___ EXTRACTED DATA ___
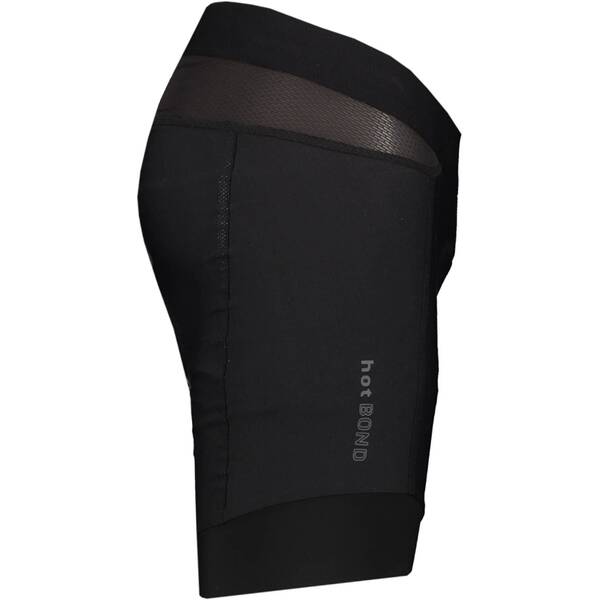 Thumbnail - LÖFFLER Herren Rad-Unterhose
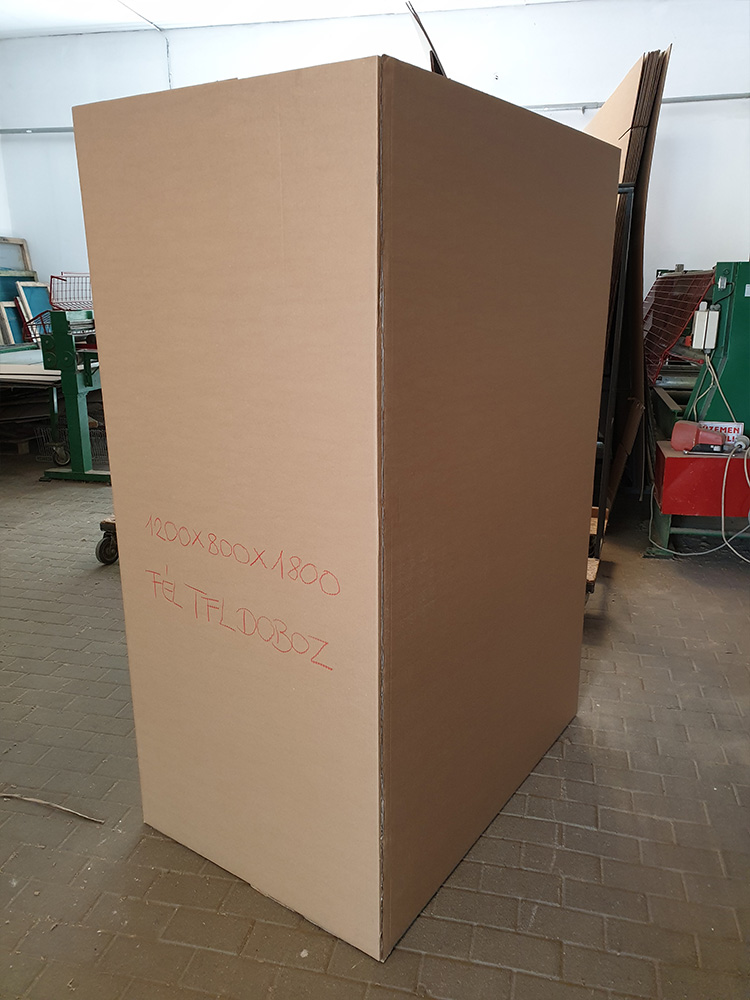nagy-doboz-03 fél TFL doboz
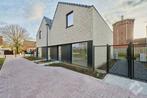 Huis te koop in Lommel, 3 slpks, Immo, Huizen en Appartementen te koop, Vrijstaande woning, 3 kamers, 120 m²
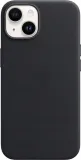 apple-leather-case-iphone-14-polnoc-kolor-czarny
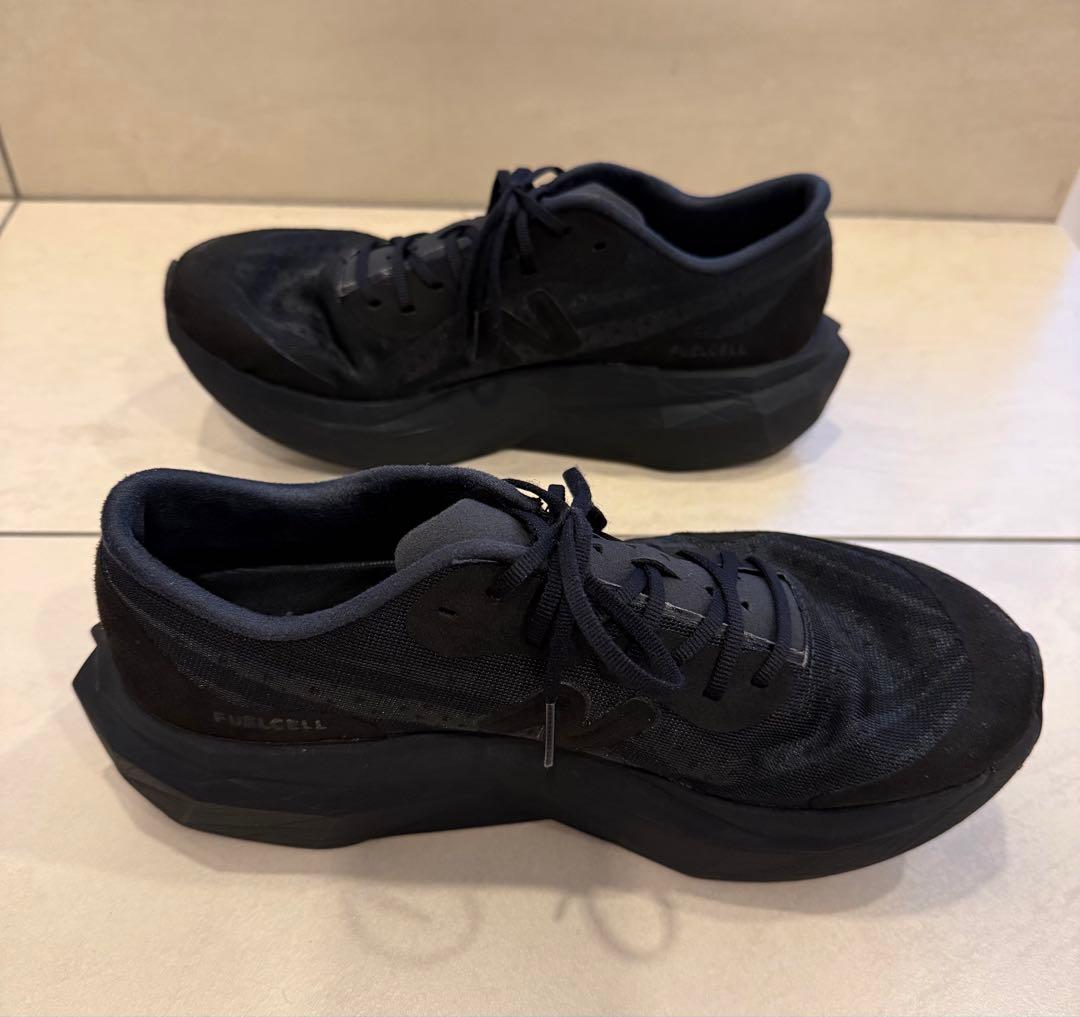 h*n様 26.0cm District Vision x New Balanc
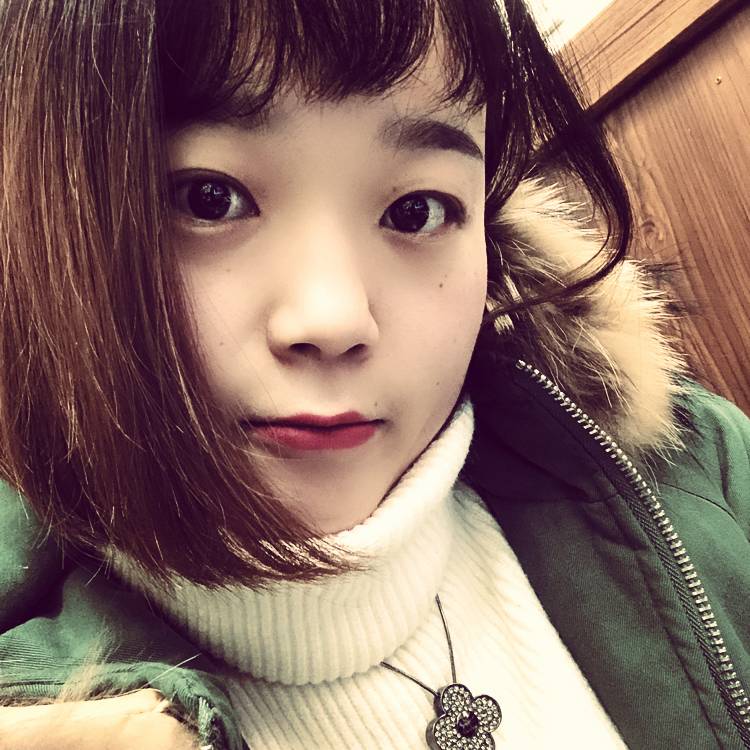 妮妮王91的照片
___
#### [YOUR OBJECTIVE]
No picture should be included when the data are set down again exactly.

#### [RESULT OF THE TASK]
 Thumbnail - LÖFFLER Herren Rad-Unterhose
nagy-doboz-03 fél TFL doboz
 Huis te koop in Lommel, 3 slpks, Immo, Huizen en Appartementen te koop, Vrijstaande woning, 3 kamers, 120 m²
 apple-leather-case-iphone-14-polnoc-kolor-czarny
 h*n様 26.0cm District Vision x New Balanc
 妮妮王91的照片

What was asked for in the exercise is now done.